His gaffe-prone nature — which saw him last week confuse the New Zealand rugby team with British forces from the Irish War of Independence — leaves little in the way of nuance.
But he is also a sentimental man from a long gone era of Washington, who specializes in a type of homespun, aw-shucks affability that would be seen as naff in a younger president.
His lack of subtlety was on show in Belfast last week as he issued a thinly veiled ultimatum to the Democratic Unionist Party (DUP) — return to Northern Ireland’s power sharing arrangements or risk losing billions of dollars in U.S. business investment.

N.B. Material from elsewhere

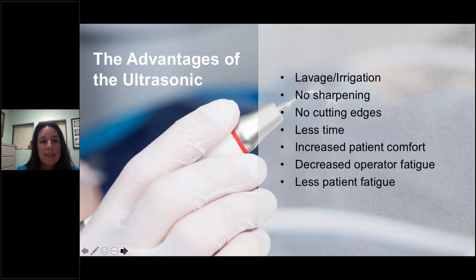Let's look at the advantages of the ultrasonic. It provides irrigation, which is a great benefit. No sharpening, no cutting edges, takes less time, increases patient comfort, and decreases operator and patient fatigue. Many hygienists have embraced the advances in ultrasonic technique and have released their fear of relying on hand scaling as the gold standard. They are enjoying the ergonomic benefits of power scaling while delivering quality care.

The DUP — a unionist party that does not take kindly to lectures from American presidents — is refusing to sit in Stormont, the Northern Ireland Assembly, due to its anger with the post-Brexit Northern Ireland protocol, which has created trade friction between the region and the rest of the U.K.
The DUP is also refusing to support the U.K.-EU Windsor Framework, which aims to fix the economic problems created by the protocol, despite hopes it would see the party reconvene the Northern Irish Assembly.
The president on Wednesday urged Northern Irish leaders to “unleash this incredible economic opportunity, which is just beginning.”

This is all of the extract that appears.